Postal codes and (sub-)localities There are different result expectations for postal codes. We differentiate between localities with only a single postal code and ones with multiple ones. If the query is for a locality, which has only one postal code, we need to return the postal code in the result. If we do not show the locality with the correct postal code, the address accuracy should be rated Incorrect – postal code.
This also applies to smaller, independent villages that share a postal code with other localities. As long as the locality only has one postal code, it needs to be returned.

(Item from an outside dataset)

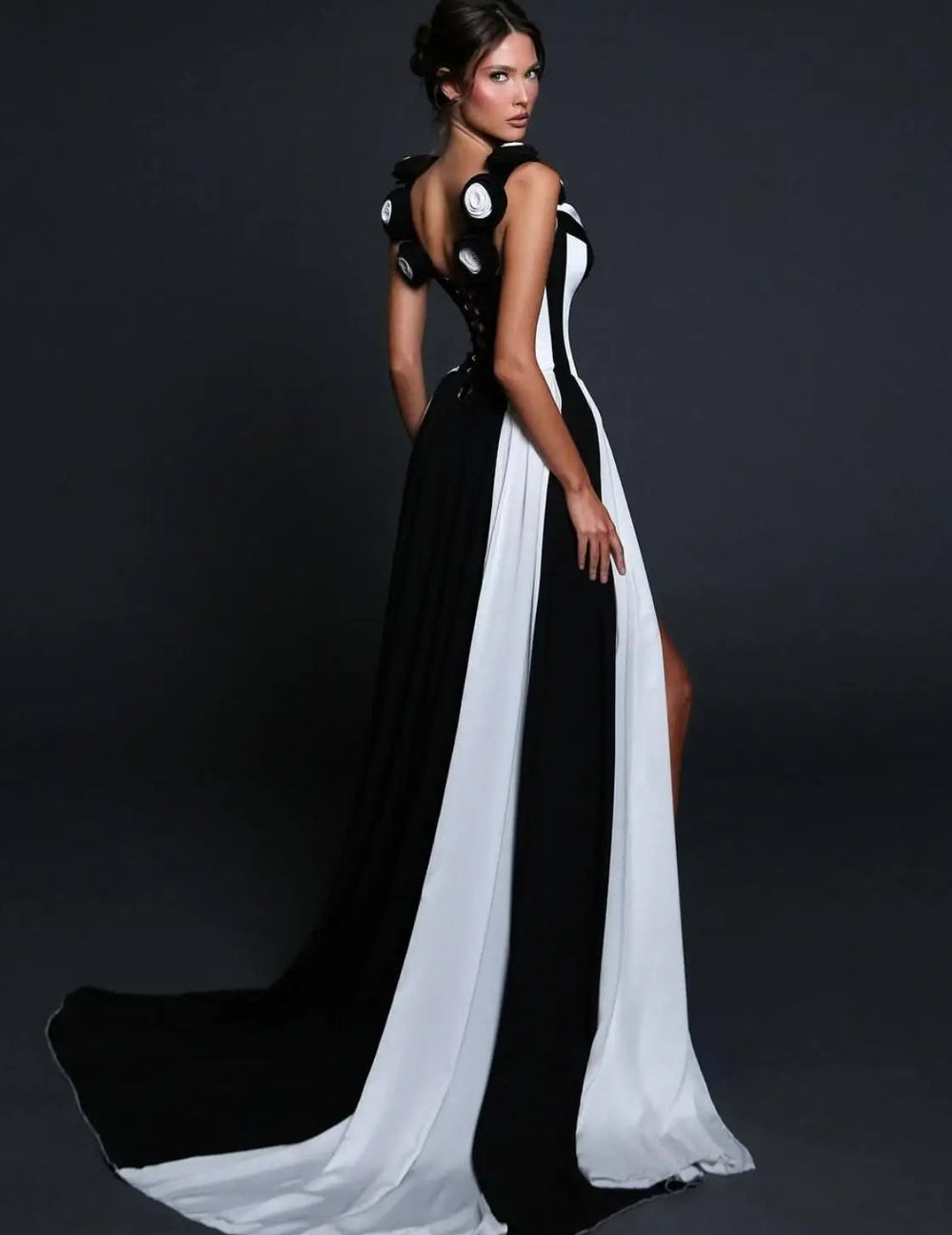 Woman wearing a black and white evening gown against a dark background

Result Address | Standard Address | Rating |
Fiss Tirol Österreich | 6533 Fiss Österreich | Incorrect – Postal Code: The locality has a single postal code, which we should return in our result. |
Klagenfurt Kärnten Österreich | Klagenfurt Österreich | Correct: Klagenfurt has multiple postal codes, so it is correct to not return one in our result. |
9928 Heinfels Tirol Österreich | 9919 Heinfels Österreich | Incorrect – Postal Code: We display the incorrect postal code for the locality. |
For sub-localities (or neighborhoods in larger cities), we also require the postal code to be included in the result. We need to return the name of the sub-locality and the associated postal code with the larger locality.
Result Address | Standard Address | Rating |
Pradl Innsbruck Tirol Österreich | Pradl 6020 Innsbruck Österreich | Incorrect – Postal Code: The locality has a single postal code, which we should return with the larger locality in our result. |
Heiligkreuz Sölden Tirol Österreich | Heiligkreuz 6450 Sölden Österreich | Correct: Heiligkreuz is a smaller village within Sölden. We need to include the postal code for the larger locality. |
Meidling Österreich
| Meidling 1120 Wien Österreich — | Incorrect – Locality, Postal Code: We should include the larger locality, as . . . . , . Meidling is a part of Wien, and include the postal code, since Meidling only has a singular postal code. |
Sometimes, it can be difficult to determine Next Door and Approximate pin ratings. In particular, this concerns scenarios with multiple street numbers under a shared rooftop, and pinpointing the exact location of stores in shopping malls. We always use the best available evidence in such cases. The more evidence that can be found
to verify a feature’s location, the more precise the pin’s location must be in order to be rated Perfect. Examples of strong evidence are, e.g., street imagery or floor plans.
Result Type | Perfect | Next Door |
Single Rooftop | Pin falls on the intended rooftop | Pin falls on the next door property |
Example type: Multiple street numbers under one rooftop without shared parking, GL 9.2. Single Rooftop | ||
Result Type | Perfect | Approximate |
Store in a Shopping Mall | With floor plans, street imagery or other strong evidence, the exact location of the result under the shared rooftop can be confirmed | The rest of the connected rooftop and parcel, including all other rooftops that are not the intended one, if they exist |
Example type: One building with single street number and multiple businesses under the rooftop, GL 9.2. Single Rooftop |
Incorrect address listed in the result
In some cases, the listed address might contain an incorrect street number.
According to GL 9. Pin Accuracy, the pin should be a reflection of the result: The location represented by the pin should reflect the result. Pin ratings should be rated individually and not influenced by address or other data. A pin can be correct when other rating components are wrong. In other words: The pin should always fall on the actual location of the POI.
Example: POI is listed as located on Hauptstraße 2. Research shows that the correct address is Hauptstraße 4. If the pin falls on Hauptstraße 2, it is rated Next Door. If it falls on Hauptstraße 4 – the correct address – it is rated Perfect.